At least one child was killed when a suicide attacker detonated a mini truck full of explosives in the Afghan capital Kabul on Friday, officials said.
The victim was a small girl, a spokesman for the Ministry of Public Health, Mohammad Ismail Kawoosi, told DPA.
The car bombing targeted vehicles from the Australian embassy, the Australian Foreign Affairs Ministry confirmed in a statement.
"Today, a suspected vehicle-borne Improvised Explosive Device was detonated near Australian Embassy vehicles while they were travelling in Kabul," the statement by Australian Foreign Minister Julie Bishop on the website of the embassy said on Friday.
Australians were not injured, according to the statement.
Afghan officials said that, in addition to the one child who was killed, 22 other civilians were injured in the attack that happened on one of the largest traffic arteries through the Afghan capital, Jalalabad Road.
Contrary to earlier information given by the Afghan Interior Ministry, the target was not an international military convoy.

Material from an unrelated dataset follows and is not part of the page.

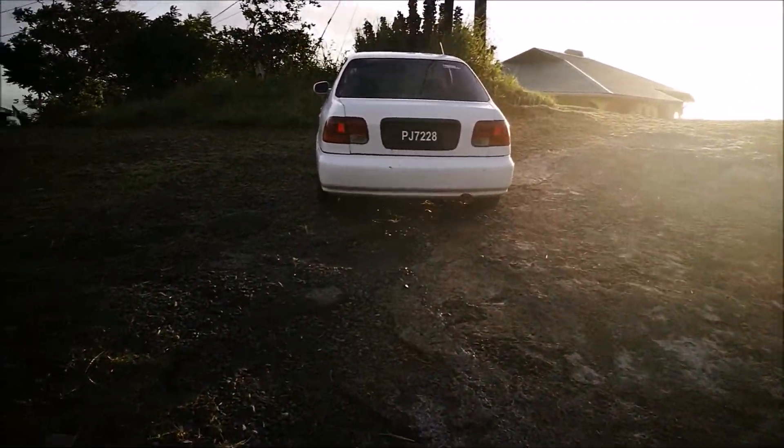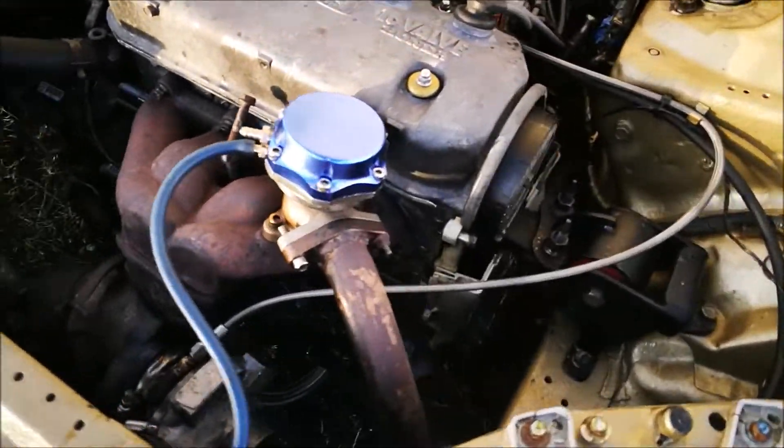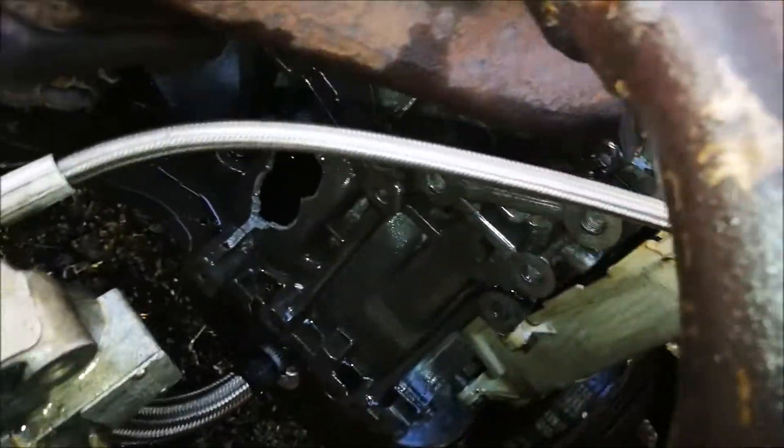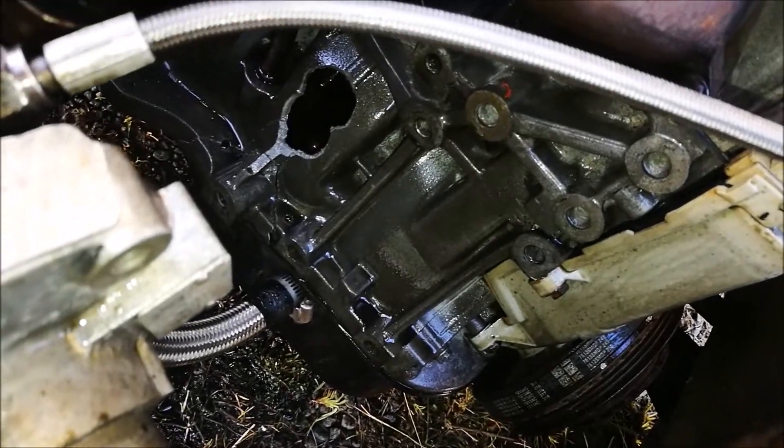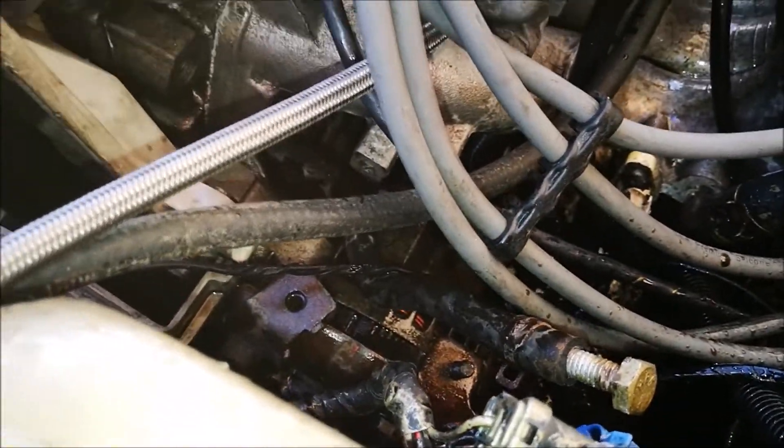The inevitable happened. Your eyes are the windows to the world — that is not supposed to be there. Not sure if you can see that in the back, but there's a second hole at the back, engine base covered in oil.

Confirming a car bombing in the police district nine of Kabul, a spokesman for Nato mission Resolute Support, Tom Gresback, said, "We can confirm that the target was not a Nato convoy."
No Resolute Support service members were injured in the incident, Gresback added.
Ministry of the Interior spokesman Najib Danish corrected his previous stance by saying: "We don't know whether the convoy was a Nato military convoy or one of foreign civilian contractors, but what I can tell you is that a convoy of foreigners was targeted in today's
car bombing."
Kabul police spokesman Basir Mujahid told DPA earlier that the suicide attacker had targeted a site on Jalalabad Road in the Qabel Bay area.
The explosion site is close to two large work and living compounds of the United Nations and other international organisations.
No group has claimed responsibility for the attack so far.
On Wednesday, delegates from 26 countries came together in Kabul to discuss ways for the Afghan government to make peace with the Taliban movement.